* _Description of the task_:
What is needed is an exact transcription of every record, minus the pictures.

***** Source material

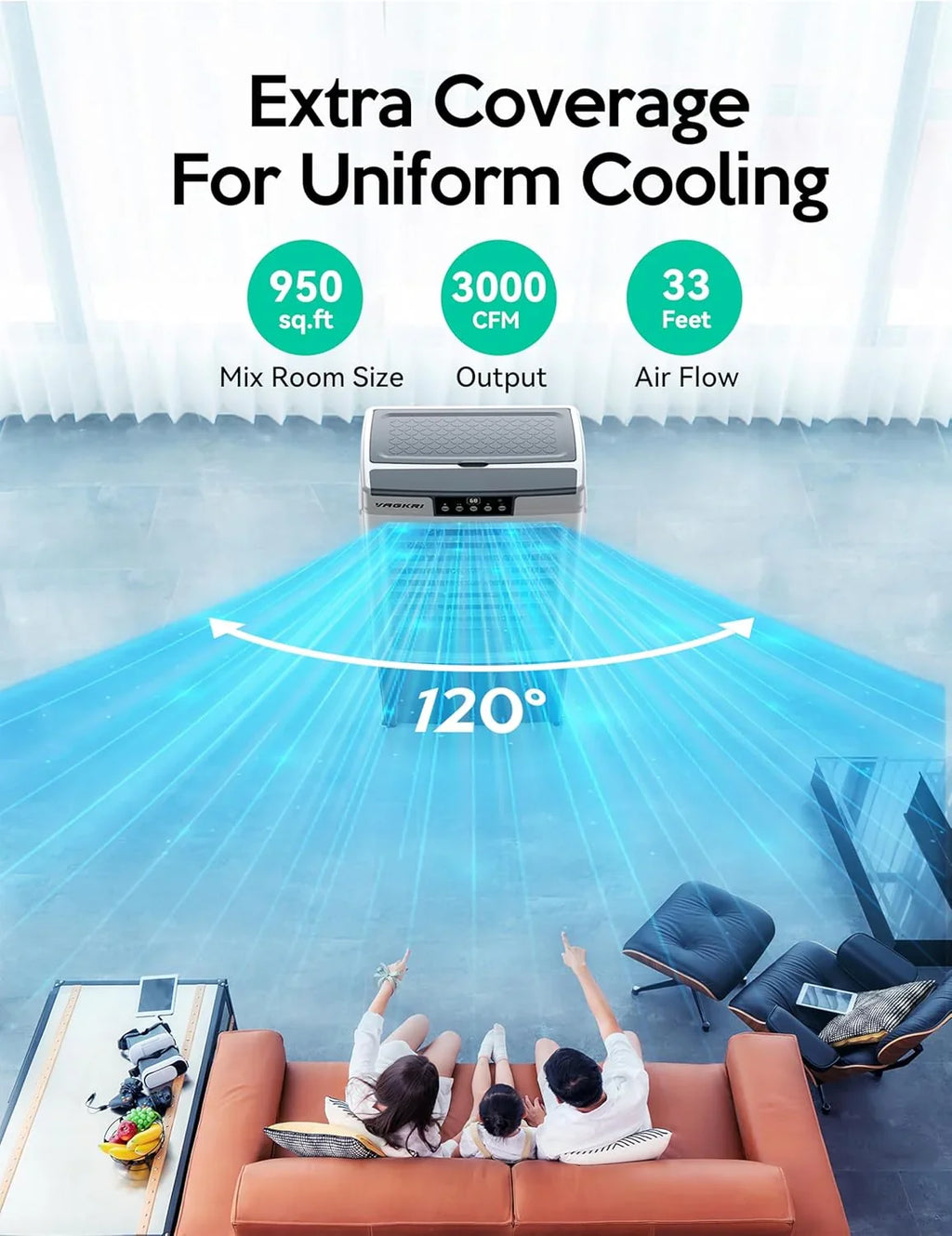 VAGKRI Evaporative Air Cooler, 2100CFM, 8 Gallon, White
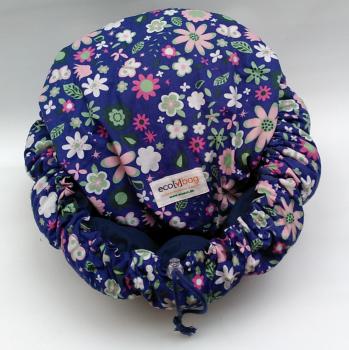ecobag - Geblümt Blau innen dunkelblau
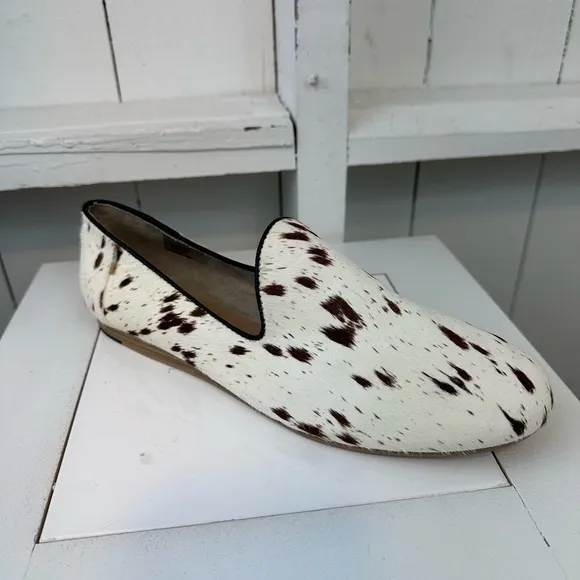 TOMS Darcy Slip On Brown Birch Spotted Cow Hair Women’s Size 10 Loafers New
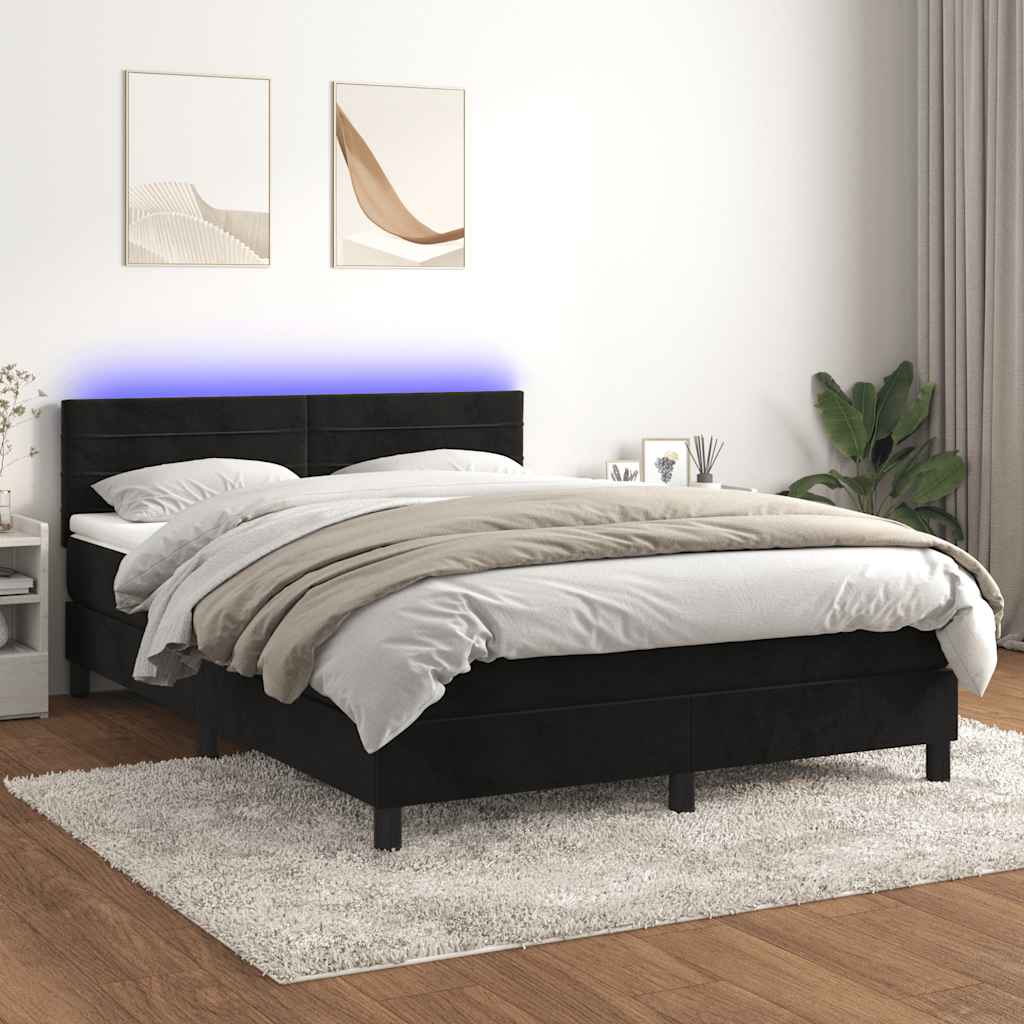 vidaXL Łóżko kontynentalne z materacem i LED, czarny aksamit 140x200cm
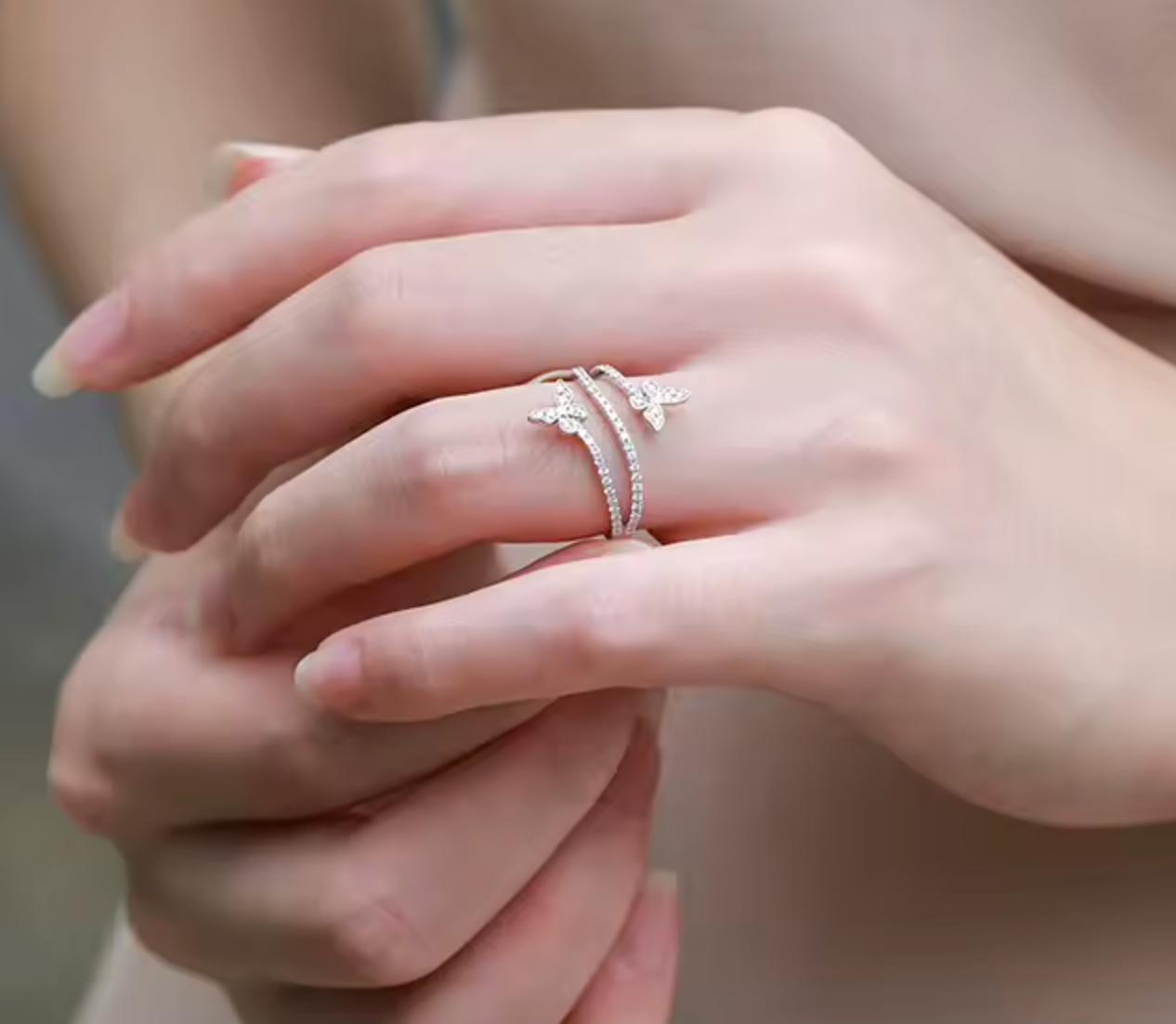 925 Sterling Silver Double Butterfly Ring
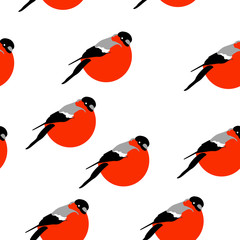 Seamless pattern with bullfinch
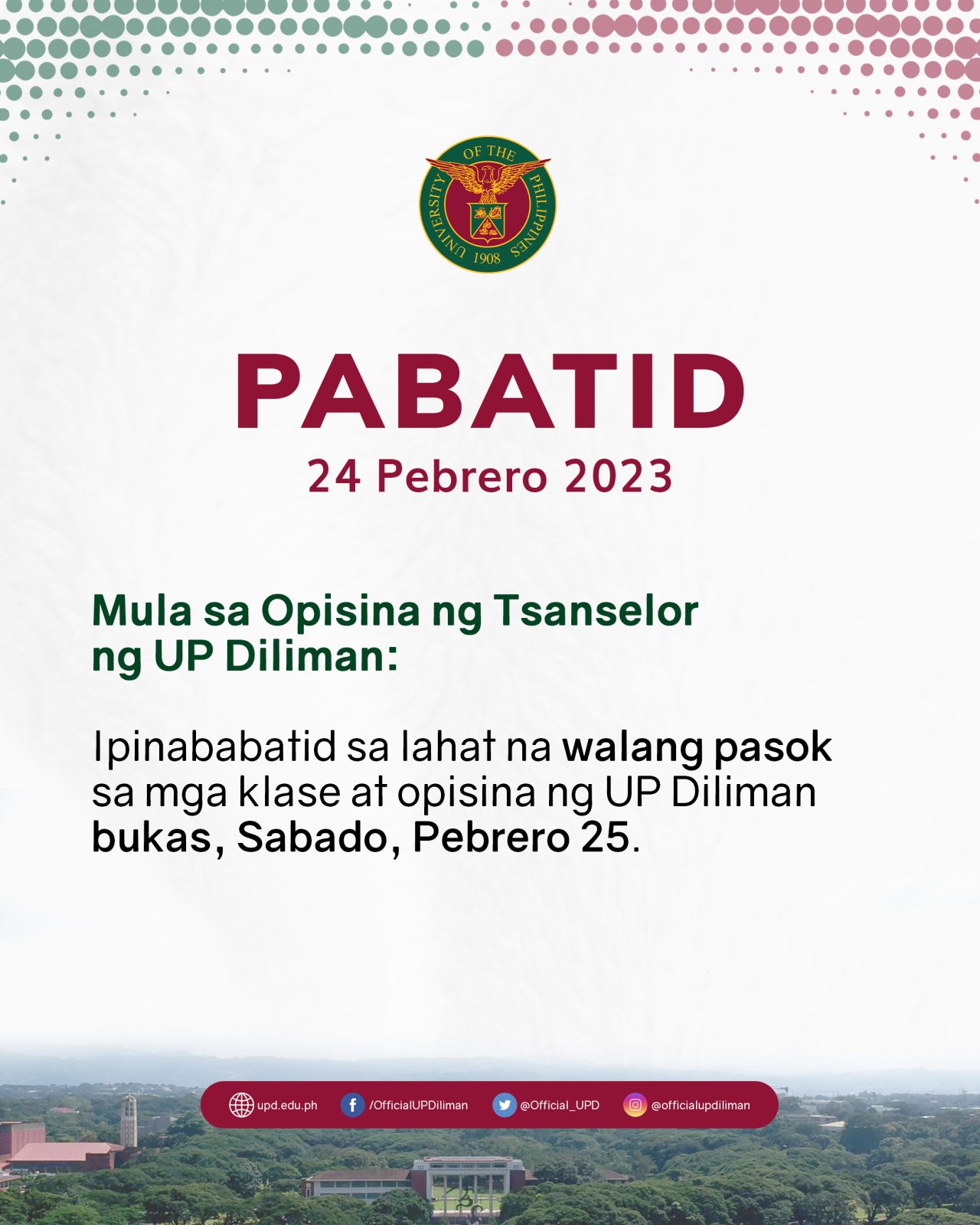UP Diliman - Mula sa Opisina ng Tsanselor ng UP Diliman:... | Facebook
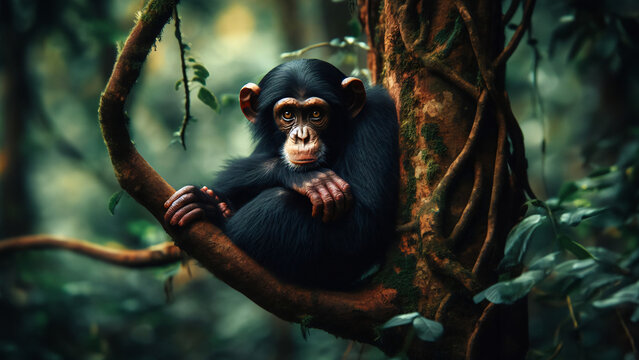Simio salvaje subido a un &aacute;rbol mirando a c&aacute;mara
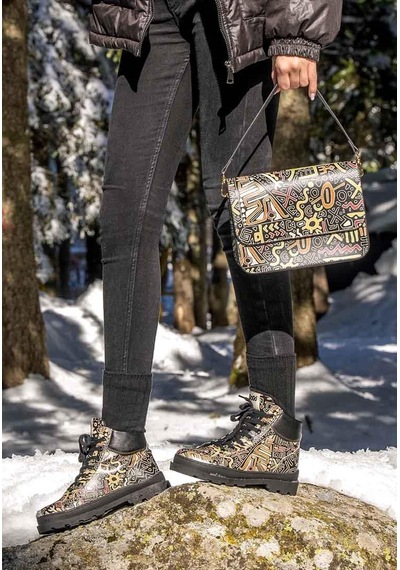 Kadın Vegan Deri Siyah Bot - Good Fortune - Black Tasarım Multicolor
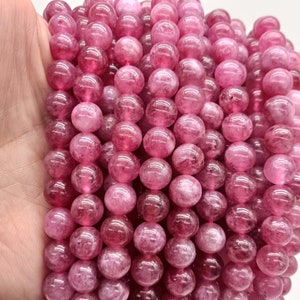 Optimize Pink tourmaline Smooth Round Beads tourmaline Beads,Loose stone bead 15" strand 6mm 8mm 10mm DIY Accessories
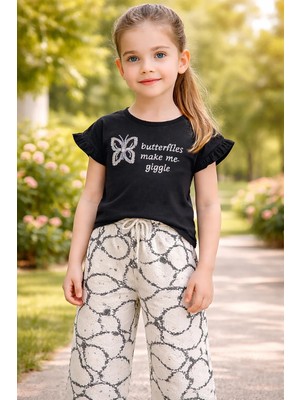 Almira Anne Bebek Kız Çocuk Kelebek Baskılı Tişörtlü Pantolon Takımı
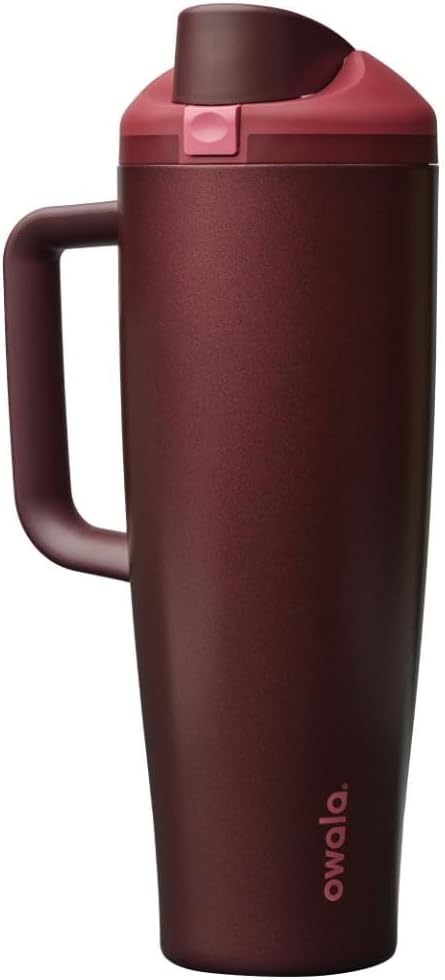 Owala FreeSip Tumbler - Insulated Stainless Steel Water Bottle with Straw & Handle | 40oz, Black Cherry, BPA Free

**********

* _Exercise response_:
 VAGKRI Evaporative Air Cooler, 2100CFM, 8 Gallon, White
ecobag - Geblümt Blau innen dunkelblau
 TOMS Darcy Slip On Brown Birch Spotted Cow Hair Women’s Size 10 Loafers New
 vidaXL Łóżko kontynentalne z materacem i LED, czarny aksamit 140x200cm
 925 Sterling Silver Double Butterfly Ring
 Seamless pattern with bullfinch
UP Diliman - Mula sa Opisina ng Tsanselor ng UP Diliman:... | Facebook
Simio salvaje subido a un &aacute;rbol mirando a c&aacute;mara
 Kadın Vegan Deri Siyah Bot - Good Fortune - Black Tasarım Multicolor
 Optimize Pink tourmaline Smooth Round Beads tourmaline Beads,Loose stone bead 15" strand 6mm 8mm 10mm DIY Accessories
 Almira Anne Bebek Kız Çocuk Kelebek Baskılı Tişörtlü Pantolon Takımı
 Owala FreeSip Tumbler - Insulated Stainless Steel Water Bottle with Straw & Handle | 40oz, Black Cherry, BPA Free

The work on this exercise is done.